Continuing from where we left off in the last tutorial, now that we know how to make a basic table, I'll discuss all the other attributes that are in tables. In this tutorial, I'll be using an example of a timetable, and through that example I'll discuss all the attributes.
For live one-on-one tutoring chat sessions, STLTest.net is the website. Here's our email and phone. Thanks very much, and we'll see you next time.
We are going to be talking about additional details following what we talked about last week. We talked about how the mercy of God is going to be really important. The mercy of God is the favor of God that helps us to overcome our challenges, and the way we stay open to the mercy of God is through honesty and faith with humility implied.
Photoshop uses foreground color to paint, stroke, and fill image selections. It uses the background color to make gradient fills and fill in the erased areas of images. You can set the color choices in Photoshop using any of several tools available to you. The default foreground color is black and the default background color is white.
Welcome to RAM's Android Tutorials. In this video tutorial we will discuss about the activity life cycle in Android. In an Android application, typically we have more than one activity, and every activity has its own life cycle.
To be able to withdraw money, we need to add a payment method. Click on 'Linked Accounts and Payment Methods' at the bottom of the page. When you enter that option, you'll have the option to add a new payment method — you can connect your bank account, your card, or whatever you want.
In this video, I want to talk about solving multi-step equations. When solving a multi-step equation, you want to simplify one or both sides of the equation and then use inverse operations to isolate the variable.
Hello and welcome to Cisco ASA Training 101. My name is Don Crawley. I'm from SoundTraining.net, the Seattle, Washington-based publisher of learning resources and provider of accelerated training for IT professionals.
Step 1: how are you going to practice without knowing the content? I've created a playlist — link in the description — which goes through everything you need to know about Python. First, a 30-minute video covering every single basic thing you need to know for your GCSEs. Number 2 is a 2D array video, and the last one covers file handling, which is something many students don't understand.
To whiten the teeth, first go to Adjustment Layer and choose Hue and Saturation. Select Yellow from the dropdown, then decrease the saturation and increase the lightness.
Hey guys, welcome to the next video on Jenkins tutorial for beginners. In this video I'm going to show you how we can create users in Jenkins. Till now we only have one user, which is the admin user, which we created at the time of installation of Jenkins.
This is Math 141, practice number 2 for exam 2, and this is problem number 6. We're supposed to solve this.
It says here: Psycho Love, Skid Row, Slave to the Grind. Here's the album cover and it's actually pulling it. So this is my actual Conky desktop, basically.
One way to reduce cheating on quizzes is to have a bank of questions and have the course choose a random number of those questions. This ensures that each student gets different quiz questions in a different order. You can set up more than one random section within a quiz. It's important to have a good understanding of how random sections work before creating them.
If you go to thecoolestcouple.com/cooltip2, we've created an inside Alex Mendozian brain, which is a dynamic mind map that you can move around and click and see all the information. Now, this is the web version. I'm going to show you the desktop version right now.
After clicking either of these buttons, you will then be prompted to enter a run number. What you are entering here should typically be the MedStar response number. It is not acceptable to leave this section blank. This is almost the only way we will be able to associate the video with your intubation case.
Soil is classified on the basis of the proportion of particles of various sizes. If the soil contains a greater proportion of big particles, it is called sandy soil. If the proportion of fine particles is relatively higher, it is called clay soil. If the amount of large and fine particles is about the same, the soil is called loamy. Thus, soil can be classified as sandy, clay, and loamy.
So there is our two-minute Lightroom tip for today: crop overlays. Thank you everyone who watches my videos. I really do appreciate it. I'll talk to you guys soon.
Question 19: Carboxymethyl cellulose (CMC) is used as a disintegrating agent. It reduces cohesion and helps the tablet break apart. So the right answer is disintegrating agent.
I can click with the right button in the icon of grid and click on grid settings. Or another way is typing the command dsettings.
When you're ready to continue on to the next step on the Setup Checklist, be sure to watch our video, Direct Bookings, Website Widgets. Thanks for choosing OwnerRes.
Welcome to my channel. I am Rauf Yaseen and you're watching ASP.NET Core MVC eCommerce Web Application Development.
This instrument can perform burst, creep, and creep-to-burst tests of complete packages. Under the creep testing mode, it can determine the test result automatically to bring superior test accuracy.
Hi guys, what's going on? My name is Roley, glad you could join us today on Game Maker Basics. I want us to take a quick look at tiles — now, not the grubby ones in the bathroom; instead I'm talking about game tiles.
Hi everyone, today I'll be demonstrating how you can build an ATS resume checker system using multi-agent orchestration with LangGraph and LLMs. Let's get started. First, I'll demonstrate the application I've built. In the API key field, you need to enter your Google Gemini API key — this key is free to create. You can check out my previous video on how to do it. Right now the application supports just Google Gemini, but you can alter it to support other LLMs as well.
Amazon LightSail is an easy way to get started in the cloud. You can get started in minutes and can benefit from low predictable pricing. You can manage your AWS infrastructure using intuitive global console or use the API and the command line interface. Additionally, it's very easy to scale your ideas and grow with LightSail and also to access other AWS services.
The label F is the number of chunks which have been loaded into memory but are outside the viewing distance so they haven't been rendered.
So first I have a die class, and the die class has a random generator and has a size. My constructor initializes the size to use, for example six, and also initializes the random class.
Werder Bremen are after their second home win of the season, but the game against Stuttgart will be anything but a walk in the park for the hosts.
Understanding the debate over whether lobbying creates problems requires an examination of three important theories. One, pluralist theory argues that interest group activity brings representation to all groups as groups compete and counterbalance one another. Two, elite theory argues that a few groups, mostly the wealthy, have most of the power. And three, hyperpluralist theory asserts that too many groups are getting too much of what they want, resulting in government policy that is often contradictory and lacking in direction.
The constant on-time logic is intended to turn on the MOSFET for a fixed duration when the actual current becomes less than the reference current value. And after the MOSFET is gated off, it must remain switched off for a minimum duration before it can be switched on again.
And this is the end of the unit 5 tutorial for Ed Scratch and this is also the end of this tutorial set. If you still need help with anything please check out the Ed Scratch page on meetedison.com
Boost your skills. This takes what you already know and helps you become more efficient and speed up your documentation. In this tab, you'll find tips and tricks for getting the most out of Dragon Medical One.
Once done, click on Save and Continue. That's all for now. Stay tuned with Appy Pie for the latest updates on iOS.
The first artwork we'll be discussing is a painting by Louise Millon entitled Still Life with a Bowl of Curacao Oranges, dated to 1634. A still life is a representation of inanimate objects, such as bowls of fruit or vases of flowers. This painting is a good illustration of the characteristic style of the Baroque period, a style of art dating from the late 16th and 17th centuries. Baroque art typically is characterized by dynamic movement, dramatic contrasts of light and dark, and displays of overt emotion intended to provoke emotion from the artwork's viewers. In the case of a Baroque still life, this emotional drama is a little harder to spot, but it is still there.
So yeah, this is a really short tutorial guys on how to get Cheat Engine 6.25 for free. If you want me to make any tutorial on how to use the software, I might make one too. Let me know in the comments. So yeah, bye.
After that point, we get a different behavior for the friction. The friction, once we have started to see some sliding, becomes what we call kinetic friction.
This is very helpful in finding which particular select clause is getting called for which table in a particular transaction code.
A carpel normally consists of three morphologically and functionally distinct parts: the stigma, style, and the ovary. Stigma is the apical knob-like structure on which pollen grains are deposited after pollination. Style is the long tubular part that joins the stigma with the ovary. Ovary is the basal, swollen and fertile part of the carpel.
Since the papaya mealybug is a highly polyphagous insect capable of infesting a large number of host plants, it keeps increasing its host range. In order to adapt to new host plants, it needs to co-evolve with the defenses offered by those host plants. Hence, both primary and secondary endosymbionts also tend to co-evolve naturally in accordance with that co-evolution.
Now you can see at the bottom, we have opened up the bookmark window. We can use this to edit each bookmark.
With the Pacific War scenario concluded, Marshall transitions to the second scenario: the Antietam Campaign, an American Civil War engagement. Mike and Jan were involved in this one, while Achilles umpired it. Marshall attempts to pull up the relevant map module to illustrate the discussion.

• What needs to be done: In the listing above, find the line containing "To whiten the" and the line containing "This is Math", then quote both, plus every line between them, exactly as written.

• Answer box:
To whiten the teeth, first go to Adjustment Layer and choose Hue and Saturation. Select Yellow from the dropdown, then decrease the saturation and increase the lightness.
Hey guys, welcome to the next video on Jenkins tutorial for beginners. In this video I'm going to show you how we can create users in Jenkins. Till now we only have one user, which is the admin user, which we created at the time of installation of Jenkins.
This is Math 141, practice number 2 for exam 2, and this is problem number 6. We're supposed to solve this.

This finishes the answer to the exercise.